По данным той же переписи, уже тогда можно было говорить о существовании в Петербурге «еврейского квартала»: две трети всех петербургских евреев жило в районе, прилегающем к Садовой улице между Сенным и Никольским рынками и дальше, за Театральной площадью. На несуществующем сегодня НовоАлександровском рынке, что находился на углу Садовой и Вознесенского проспекта, почти все мелкие мастерские и дешевые лавочки принадлежали евреям. В питерском «еврейском квартале» сохранялись даже некоторые черты «местечкового» быта, связанные с народными традициями и обычаями.

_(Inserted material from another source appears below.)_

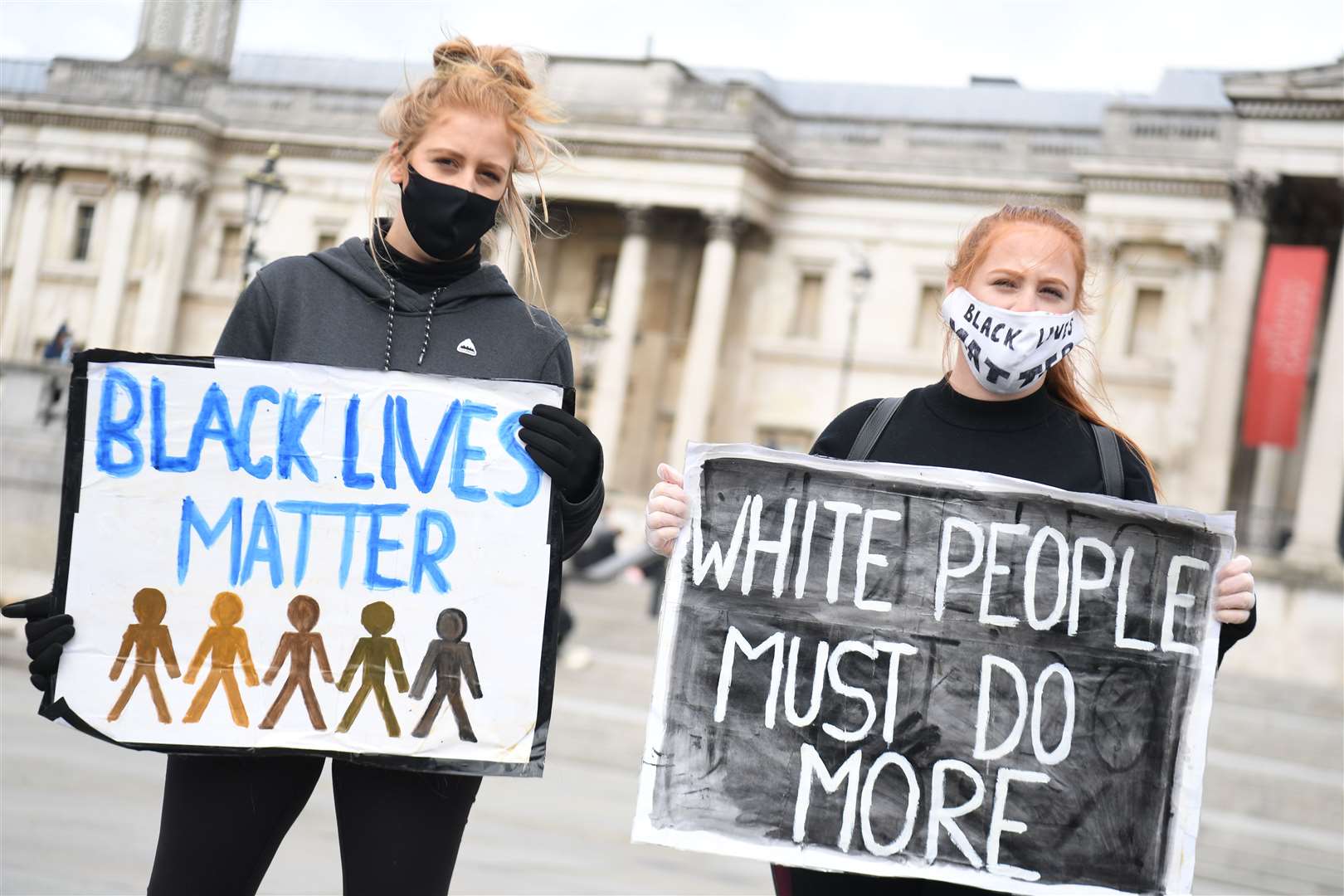 Two women join the demo in memory of George Floyd who died on May 25 while in police custody in the US city of Minneapolis (Kirsty O’Connor/PA)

Любопытное описание еврейских районов столицы можно встретить в романе В.В. Крестовского «Петербургские трущобы» (надеюсь, читатель простит писателя за некоторый свойственный его словам антисемитизм).

«Близ Обухова моста и в местах у церкви Вознесенья[2], особенно на Канаве[3] и в Подьяческих, – отмечал В.В. Крестовский, – лепится население еврейское – тут вы на каждом почти шагу встречаете пронырливо-озабоченные физиономии и длиннополые пальто с камлотовыми шинелями детей Израиля».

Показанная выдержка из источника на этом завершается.